# ![](https://ga-dash.s3.amazonaws.com/production/assets/logo-9f88ae6c9c3871690e33280fcf557f33.png) Project 4: Detecting Hate Speech


--- 

SG-DSI-41 Group 01: Lionel Foo, Joel Lim, Poon Wenzhe, Daryl Chia

### <b> Notebook: 03 Reddit Scraping for Demo</b>

#### Overview

* Scrape a subreddit for hottest threads to obtain data for the demo.



---

### 01 Import Libraries

In [1]:
# 1. Installation
#!pip install praw

# 2. Imports
import praw
import pandas as pd
import re

---

### 02 Data Collection - Scraping Subreddit Data

* Scrape 100 "hottest" threads & accompanying comments from r/TheRightCantMeme/ subreddit
* The below includes leftover code from Project 3 scraping with details such as post hint

In [2]:
# authenticate with Reddit API - redacted input api key as required
reddit = praw.Reddit(
    client_id = "",
    client_secret = "",
    user_agent = "",
    ratelimit_seconds = 30)

# create 2 separate lists to store threads and comments after we scrape them from the subreddit
threads = []
comments = []

# subreddit to scrape
subreddit = reddit.subreddit("TheRightCantMeme")

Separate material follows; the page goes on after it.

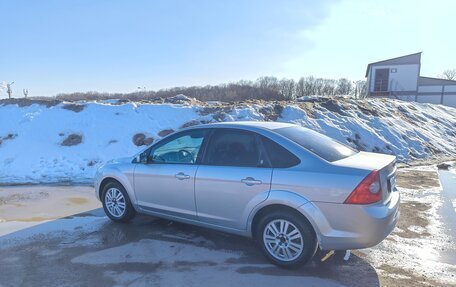 Ford Focus II рестайлинг, 2008 год, 670 000 рублей, 6 фотография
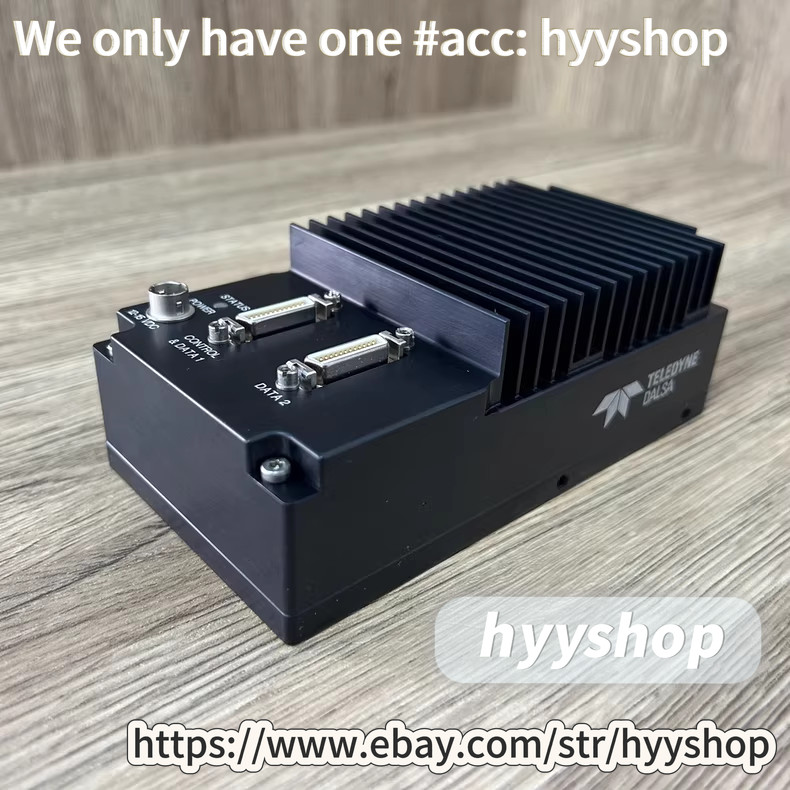 DALSA P3-80-16K40-00-R 16K linear array scanning camera/hyy/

# iterate through hottest threads in subreddit
# scrape 100 threads (for illustrative purposes: to reset to 1,000) 
for submission in subreddit.hot(limit = 100):
    try:
        tr_author_nm = submission.author.name
    except:
        #store empty name
        tr_author_nm = ""
    if hasattr(submission, "post_hint"):
        hint = submission.post_hint
    else:
        hint = ""


    # store thread data
    thread = {
        "id": submission.id,
        "title": submission.title, 
        "score": submission.score,
        "num_comments": submission.num_comments,
        "post_hint": hint,
        "self_text": submission.selftext,
        "author_name": tr_author_nm,
        "url": submission.url
    }  
    threads.append(thread)
    

    # store all comment data under thread
    submission.comments.replace_more(limit=0)
    for comment in submission.comments.list():
        # required as there are some comments without author name
        author_nm = ""
        try:
            author_nm = comment.author.name
        except:
            # store empy name
            author_nm = ""
        # store thread data
        comment_data = {
            "thread_id": submission.id, 
            "comment_id": comment.id,
            "comment_text": comment.body,
            "comment_score" : comment.score,
            "author_name": author_nm
        }
        comments.append(comment_data)

* Convert Lists to Pandas Dataframes, and Export Dataframes as CSV files

In [3]:
df_threads = pd.DataFrame(threads)
df_comments = pd.DataFrame(comments)

df_threads.to_csv('./demo/threads.csv', index=False)
df_comments.to_csv('./demo/comments.csv', index=False)


---

### 03 EDA & Cleaning

* Check the number of threads and comments

In [4]:
print('Thread Rows: ', df_threads.shape[0])
print('Comment Rows: ', df_comments.shape[0])

Thread Rows:  100
Comment Rows:  4130


* Removal of rows with comment text as [deleted]

In [5]:
# create a mask variable to contain rows with "deleted" or "removed" based on part (2c)
deleted_texts = ["[deleted]", "[removed]"]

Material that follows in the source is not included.